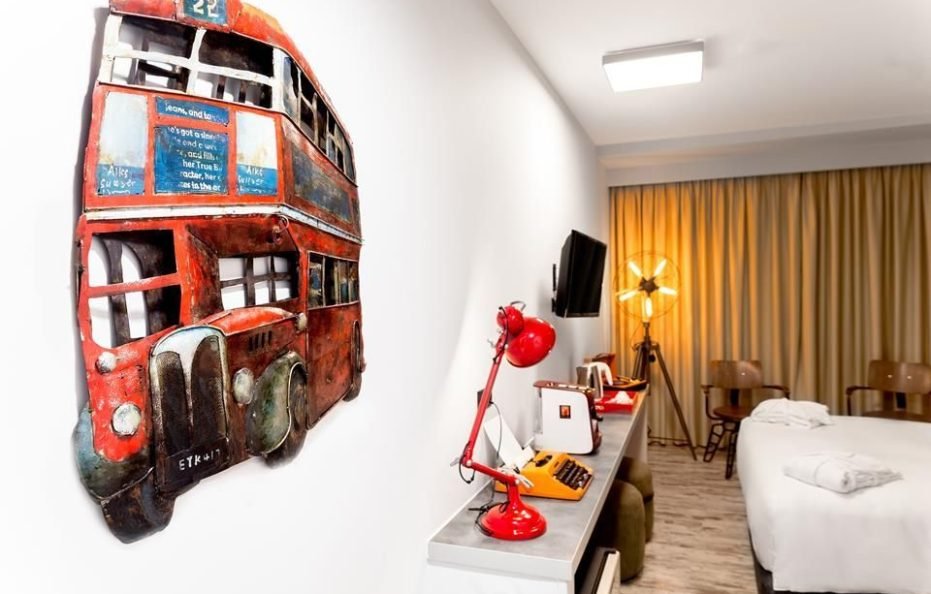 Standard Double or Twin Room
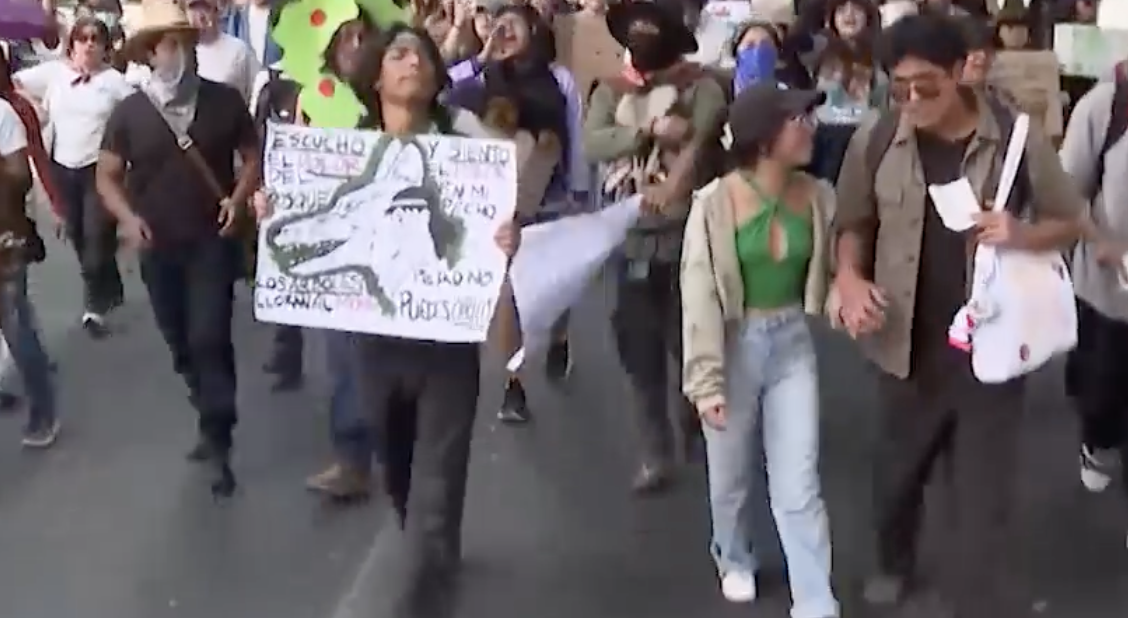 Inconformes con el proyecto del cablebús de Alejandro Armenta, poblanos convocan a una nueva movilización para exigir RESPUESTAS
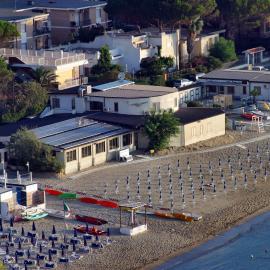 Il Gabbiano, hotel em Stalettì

* [Exercise details]
The answer must be the full listing, exact in every line, with the pictures removed.

* [Written solution]
 Standard Double or Twin Room
 Inconformes con el proyecto del cablebús de Alejandro Armenta, poblanos convocan a una nueva movilización para exigir RESPUESTAS
 Il Gabbiano, hotel em Stalettì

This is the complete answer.